To sum up, the wrong use of the pure reason, and/or the wrong use of words--these are the sources of misconceptions and illusions. There are so many of them in the field of EEG research--that's why there are works to do!

Wavelet analysis tips (For 110,000 page views, 11/27/2019)

Did you know that 'Wavelet analysis' implemented in EEGLAB is NOT a pure wavelet analysis? Actually, it is a hybrid between pure wavelet (i.e., changes window size while the number of cycles fixed) and short-term Fourier Transform (i.e., window size fixed, while the number of cycles changes).
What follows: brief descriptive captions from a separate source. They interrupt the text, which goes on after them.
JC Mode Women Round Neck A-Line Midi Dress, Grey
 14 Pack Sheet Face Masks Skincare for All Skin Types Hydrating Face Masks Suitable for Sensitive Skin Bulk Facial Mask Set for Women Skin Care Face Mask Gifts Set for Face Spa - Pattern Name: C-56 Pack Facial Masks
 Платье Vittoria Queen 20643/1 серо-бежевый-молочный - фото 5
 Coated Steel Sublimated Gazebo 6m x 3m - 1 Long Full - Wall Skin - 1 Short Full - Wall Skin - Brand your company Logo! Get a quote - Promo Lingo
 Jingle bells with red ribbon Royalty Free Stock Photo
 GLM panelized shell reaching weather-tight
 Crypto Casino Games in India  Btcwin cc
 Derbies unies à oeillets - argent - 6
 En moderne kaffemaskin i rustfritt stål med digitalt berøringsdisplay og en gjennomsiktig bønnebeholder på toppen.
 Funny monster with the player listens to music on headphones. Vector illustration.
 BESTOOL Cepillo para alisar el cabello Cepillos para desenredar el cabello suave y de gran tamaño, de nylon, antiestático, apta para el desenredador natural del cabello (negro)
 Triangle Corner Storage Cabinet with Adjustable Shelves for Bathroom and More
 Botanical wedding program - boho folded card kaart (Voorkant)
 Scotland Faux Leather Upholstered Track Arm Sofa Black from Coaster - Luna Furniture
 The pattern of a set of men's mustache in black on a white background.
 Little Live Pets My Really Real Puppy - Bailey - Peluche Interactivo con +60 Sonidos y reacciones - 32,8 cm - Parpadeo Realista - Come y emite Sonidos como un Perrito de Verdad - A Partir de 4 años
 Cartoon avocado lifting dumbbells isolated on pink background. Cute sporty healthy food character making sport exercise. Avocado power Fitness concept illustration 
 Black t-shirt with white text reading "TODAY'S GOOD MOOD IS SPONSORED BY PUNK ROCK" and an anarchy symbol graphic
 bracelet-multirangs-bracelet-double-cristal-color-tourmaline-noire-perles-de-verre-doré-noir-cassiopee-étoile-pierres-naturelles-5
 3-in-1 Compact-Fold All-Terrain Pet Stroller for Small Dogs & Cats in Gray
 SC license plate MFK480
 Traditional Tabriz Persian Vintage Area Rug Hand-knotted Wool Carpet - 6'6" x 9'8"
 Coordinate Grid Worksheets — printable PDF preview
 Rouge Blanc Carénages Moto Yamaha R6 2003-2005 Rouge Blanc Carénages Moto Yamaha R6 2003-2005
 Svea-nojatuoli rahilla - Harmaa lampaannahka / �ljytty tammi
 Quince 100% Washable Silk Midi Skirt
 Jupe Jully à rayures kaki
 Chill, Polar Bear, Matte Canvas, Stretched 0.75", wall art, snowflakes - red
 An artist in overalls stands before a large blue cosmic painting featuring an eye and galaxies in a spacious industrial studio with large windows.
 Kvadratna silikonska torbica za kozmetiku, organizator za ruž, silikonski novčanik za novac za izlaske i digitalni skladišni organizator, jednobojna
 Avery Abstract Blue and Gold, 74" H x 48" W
If you are interested in knowing more about this topic, I recommend you search for the keywords Units in output of timefreq - wavelet normalization in the following archive page of our EEGLAB mailing list. Very nice clarification was done there, and possible solutions were discussed. You will also notice gorgeous members there. The best moment of EEGLAB mailing list.

Physiologically invalid deep dipoles? (For 130,000 page views, 07/26/2021 Update)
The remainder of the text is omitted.